Als Klinikseelsorgerin lese ich viele Texte inzwischen auch mit anderen Augen.
Bei dem Besuch eines schwerkranken Patienten auf der Intensivstation in der Jugenheimer Klinik versuchte ich ihn aufzumuntern, indem ich ihn auf die blühenden Bäume, die er direkt von seinem Fenster aus sehen konnte, und die länger werdenden Tage hinwies. Doch er antwortete: „Das ist für mich eher schwer. Dann bleibt noch so viel Tag, wenn die Kraft längst zu Ende ist.“
Manchmal ist gerade die Schönheit der Schöpfung, das pulsierende Leben draußen besonders schwer zu ertragen, wenn man daran nicht Anteil haben kann, sich ausgeschlossen fühlt durch Krankheit oder Trauer. Und dann gewinnt der zweite Teil der Monatslosung eine zusätzliche Schwere.

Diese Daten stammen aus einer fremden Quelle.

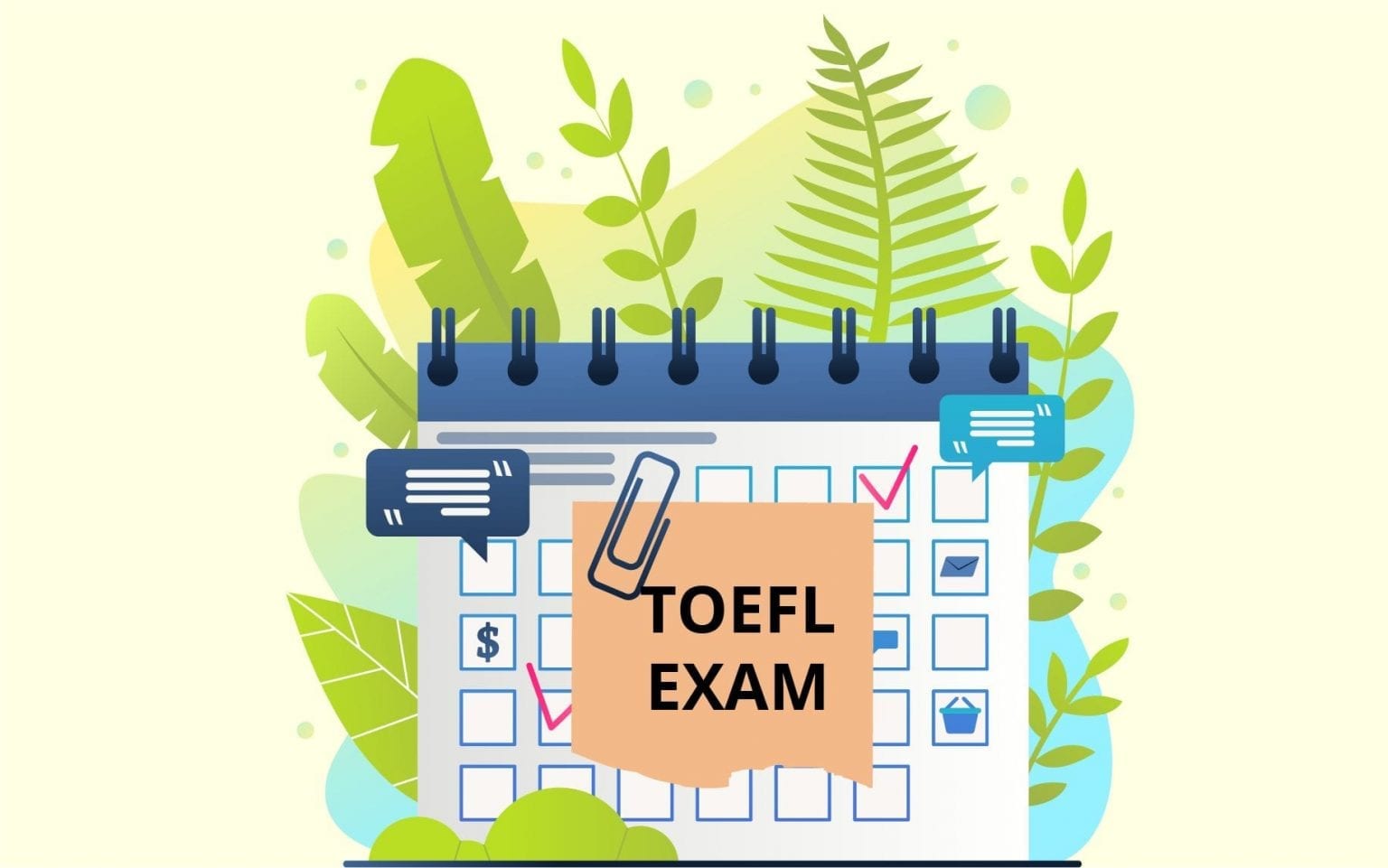 TOEFL Exam Dates 2024 Updated Exam Dates StateWise List Leverage Edu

„ Ich gewähre Gnade, wem ich will und ich schenke Erbarmen, wem ich will.“
Ist Gott willkürlich?
Warum gewährt er dem einen Gnade und Erbarmen und der anderen nicht?
Die Frage “Warum?“ – ist in der Klinik ständiger Begleiter.
Ich will Sie in den Text führen, in dem dieser Vers verortet ist. Mose hat von Gott die 10 Gebote bekommen. Das Volk hat sich während seiner Abwesenheit von Aaron das sog. Goldene Kalb bauen lassen. Es wollte einen Gott, den es sehen und anfassen kann. Mose zerstörte aus Zorn darüber die Steintafeln bei seiner Rückkehr. Auch Gott wollte sich von diesem untreuen Volk abwenden; aber Mose bat um Gnade. Und Gott gewährt sie. Er bestellt Mose erneut zum Führer dieses Volkes. Und Mose bittet darum, ihn sehen zu können, damit er mit dieser Aufgabe nicht so allein ist. Daraufhin antwortet ihm Gott:
„Ich will meine ganze Schönheit vor dir vorüberziehen lassen und den Namen des Herrn vor dir ausrufen. Ich gewähre Gnade, wem ich will, und ich schenke Erbarmen, wem ich will.“
Es ist gerade der erbarmende Gott, der sich seinem untreuen und schwachen Volk wieder zuwendet und sich in seiner Schönheit, bei Luther heißt es: Güte, zeigt und vorangeht. Und dieser Mose verwandelt sich in der Begegnung mit Gott, dass „ die Haut seines Angesichts glänzte“, als er zurückkam.
In den 8 Jahren meiner Klinikseelsorgetätigkeit hat sich mein Blick auf das Leben verändert. Leben ist ein Geschenk. Wenn Gott uns Gnade und Erbarmen gewährt, sollten wir dies dankbar annehmen. Und wir dürfen seine Schönheit, die sich in seiner Schöpfung spiegelt, aus vollem Herzen genießen. Vielleicht glänzt dann auch unsere Haut bei der Rückkehr in den Alltag.
In diesem Sinne wünsche ich Ihnen eine Wunder-volle Sommerzeit.